L’Atelier d’Ingres/Chapitre VII

G. Charpentier (p. 65-82).


VII

L’ATELIER DES ÉLÈVES.


J’ai parlé de l’antipathie de M. Ingres pour l’anatomie ; voici ce qui nous arriva un jour à propos d’un squelette.

Tous les élèves de l’atelier n’étaient pas, comme on aurait pu le croire, également soumis à la puissance d’influence du maître. Il y avait, comme partout, une petite opposition, bien sourde à la vérité, mais qui se manifestait par des mots que deux ou trois excentriques lançaient de temps en temps ; ils se posaient en ennemis des routes battues, sentiment très-louable à la condition qu’on trouvera une voie aussi belle et aussi sûre. D’autres, au contraire, voyaient avec peine que le maître s’éloignait des principes d’éducation ordinaires, et, depuis quelque temps, j’entendais parler d’anatomie, de squelette, et exprimer le désir qu’il y en eût un dans l’atelier.
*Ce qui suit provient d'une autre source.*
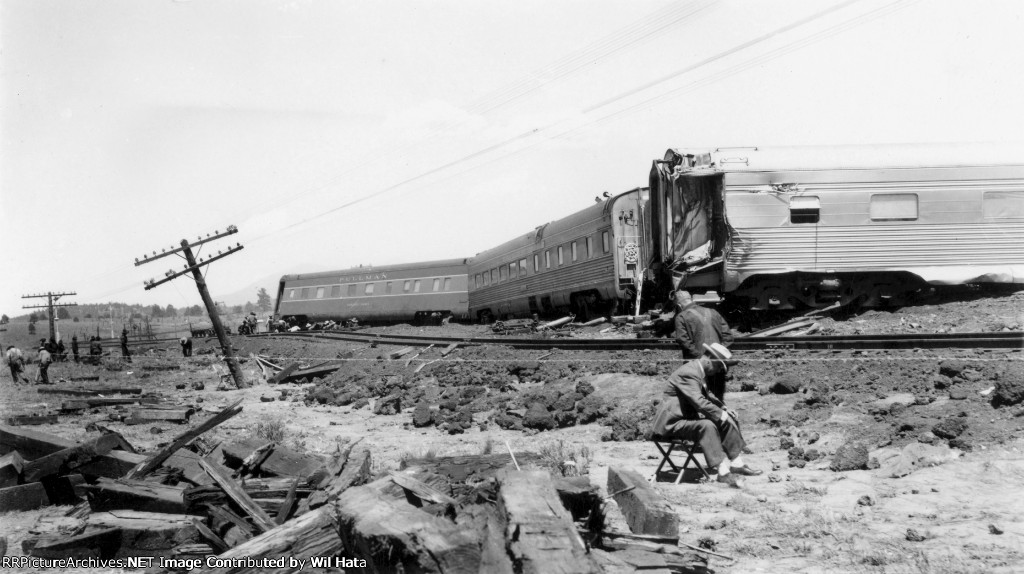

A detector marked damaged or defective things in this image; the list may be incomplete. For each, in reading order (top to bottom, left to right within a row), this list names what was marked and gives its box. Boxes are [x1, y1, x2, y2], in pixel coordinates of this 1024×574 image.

Cette proposition gagnait du terrain ; le centre gauche, comme toujours, se laissait entraîner par l’extrême gauche, et, quand un jour le massier vint annoncer officiellement que M. Ingres autorisait l’achat d’un squelette, je fus seul à représenter l’extrême droite.
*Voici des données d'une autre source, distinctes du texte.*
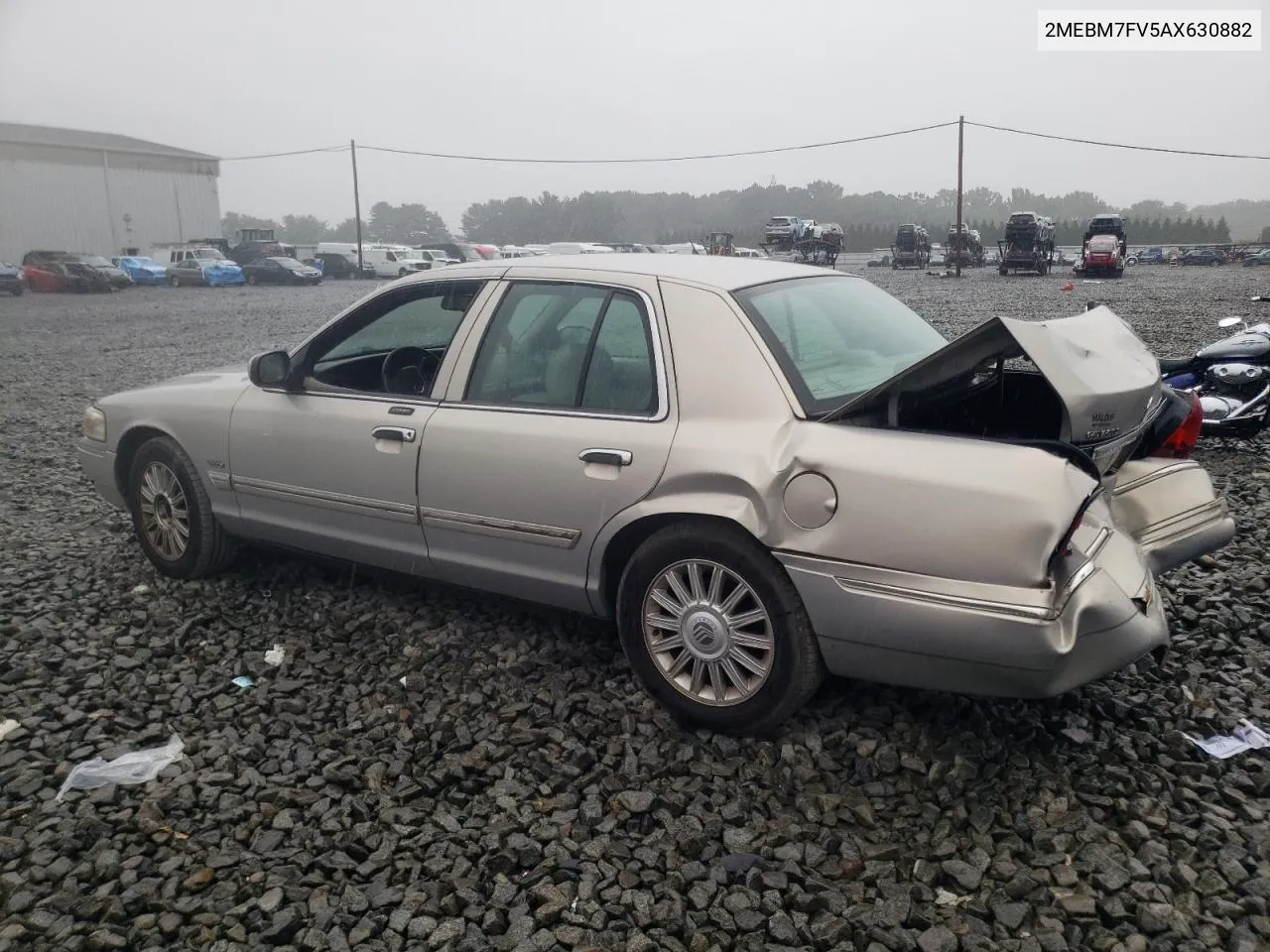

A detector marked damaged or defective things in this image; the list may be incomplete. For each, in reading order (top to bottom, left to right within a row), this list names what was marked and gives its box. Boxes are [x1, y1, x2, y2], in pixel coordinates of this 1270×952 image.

damaged silver sedan [76, 257, 1229, 736]
crushed trunk lid [832, 306, 1168, 474]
Je fis un petit discours, qui fut hué naturellement, et dans lequel je disais que, ne comptant jamais faire usage du squelette, m’engageant même à ne jamais le regarder, je me refusais absolument à toute espèce de cotisation. J’ajoutai : « Comme je suis sûr que le squelette ne restera pas quinze jours à l’atelier, je vous adjure, au nom de l’économie et dans l’intérêt de votre bourse, de ne pas vous livrer à une aussi monstrueuse dépense. »

Je m’empressai de m’échapper, pour n’être pas enterré sous les boulettes de pain et autres projectiles.

La cotisation marcha son train : le squelette fut acheté, et accroché un beau matin dans un coin de l’atelier.

M. Ingres vint donner sa leçon comme à l’ordinaire. Le squelette étant placé dans la partie la plus obscure de l’atelier, il ne le vit pas tout d’abord ; mais, quand il s’approcha pour corriger un de nos camarades qui en était tout près (je suivais le maître des yeux), je vis un véritable sentiment d’effroi se peindre sur sa figure, et, au moment où il corrigea l’élève placé devant le squelette, il avait tout à fait l’apparence d’un homme tournant le dos à une cheminée dont le feu trop ardent lui brûle les jambes. L’élève ainsi placé eut des conseils abrégés.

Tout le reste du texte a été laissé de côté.